La circulaire de rentrée 2023-2024 met en avant une priorité absolue : « faire de l’École un espace protecteur pour les élèves et les personnels », notamment par la lutte « contre toutes les formes de pressions ou de prosélytismes ».

En parallèle, les locaux du Ministère de l’enseignement supérieur et de la recherche (MESR) accueillent, ces 29 et 30 août, la 20ème édition des « Entretiens Enseignants-Entreprises » organisée par l’Institut de l’Entreprise (IDE), un groupe de pression qui rassemble les 120 plus grandes entreprises françaises. Fruit d’un partenariat officiel avec l’Éducation nationale, cet évènement est par conséquent la vitrine d’un lobbying patronal désormais implanté au cœur de l’institution.

Dans le cadre de ce partenariat, largement promu par l’inspection, l’IDE est également associé à la production du site pédagogique Melchior, à destination des élèves et des enseignant⋅es.

Or le site Melchior a été sévèrement mis en cause en septembre 2020 dans le « 20 heures » de France 2 qui l’accusait, témoignage à l’appui, de faire payer certaines entreprises pour des articles élogieux et des études de cas à intégrer dans les cours. Face à une accusation aussi grave, on pouvait légitimement s’attendre à ce qu’une telle collaboration avec le ministère cesse.

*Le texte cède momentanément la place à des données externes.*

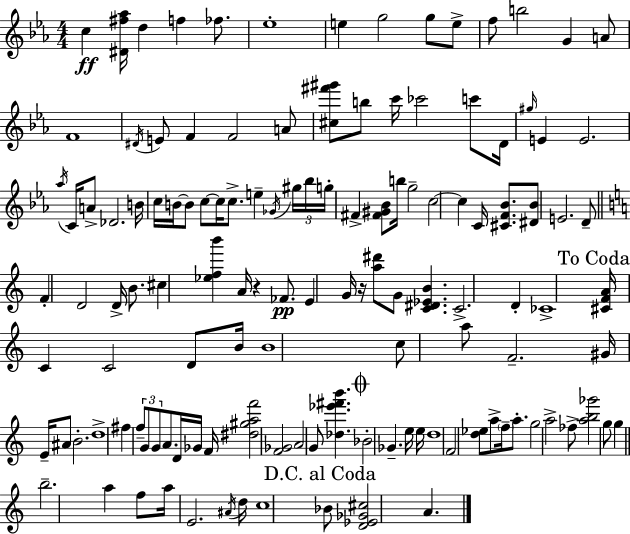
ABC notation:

X:1
T:Untitled
M:4/4
L:1/4
K:Eb
c [^D^f_a]/4 d f _f/2 _e4 e g2 g/2 e/2 f/2 b2 G A/2 F4 ^D/4 E/2 F F2 A/2 [^c^f'^g']/2 b/2 c'/4 _c'2 c'/2 D/4 ^g/4 E E2 _a/4 C/4 A/2 _D2 B/4 c/4 B/4 B/2 c/2 c/4 c/2 e _G/4 ^g/4 _b/4 g/4 ^F [^F^G_B]/2 b/4 g2 c2 c C/4 [^CF_B]/2 [^D_B]/2 E2 D/2 F D2 D/4 B/2 ^c [_efb'] A/4 z _F/2 E G/4 z/4 [a^d']/2 G/2 [C^D_EB] C2 D _C4 [^CFA]/4 C C2 D/2 B/4 B4 c/2 a/2 F2 ^G/4 E/4 ^A/2 B2 d4 ^f f/2 G/2 G/2 A/2 D/4 _G/4 F/4 [^d^gaf']2 [F_G]2 A2 G/2 [_d_e'^f'b'] _B2 _G e/4 e/4 d4 F2 [d_e]/2 a/2 f/4 a/2 g2 a2 _f/2 [ab_g']2 g/2 g b2 a f/2 a/4 E2 ^A/4 d/4 c4 _B/2 [D_E_G^c]2 A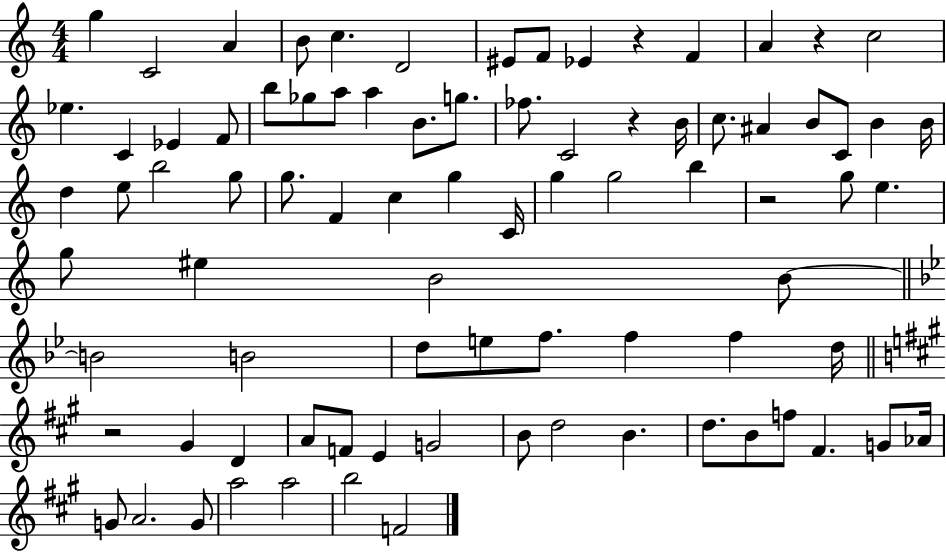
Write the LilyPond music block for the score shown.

{
  \clef treble
  \numericTimeSignature
  \time 4/4
  \key c \major
  g''4 c'2 a'4 | b'8 c''4. d'2 | eis'8 f'8 ees'4 r4 f'4 | a'4 r4 c''2 | \break ees''4. c'4 ees'4 f'8 | b''8 ges''8 a''8 a''4 b'8. g''8. | fes''8. c'2 r4 b'16 | c''8. ais'4 b'8 c'8 b'4 b'16 | \break d''4 e''8 b''2 g''8 | g''8. f'4 c''4 g''4 c'16 | g''4 g''2 b''4 | r2 g''8 e''4. | \break g''8 eis''4 b'2 b'8~~ | \bar "||" \break \key bes \major b'2 b'2 | d''8 e''8 f''8. f''4 f''4 d''16 | \bar "||" \break \key a \major r2 gis'4 d'4 | a'8 f'8 e'4 g'2 | b'8 d''2 b'4. | d''8. b'8 f''8 fis'4. g'8 aes'16 | \break g'8 a'2. g'8 | a''2 a''2 | b''2 f'2 | \bar "|."
}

Au lieu de cela, Melchior prend de plus en plus de place dans la formation des enseignant⋅es, et délivre désormais des certifications en transition environnementale… alors que le site avait déjà été pointé du doigt pour des ressources pédagogiques partiales faisant la promotion des « modèles » d’entreprises que sont Vinci, pour ses concessions autoroutières, et Total, pour sa stratégie écologique. A l’heure où la jeunesse réclame des outils de réflexion pour comprendre et penser les défis écologiques du XXIe siècle, l’enseignement scolaire n’a pas vocation à devenir le relais du greenwashing des grandes entreprises.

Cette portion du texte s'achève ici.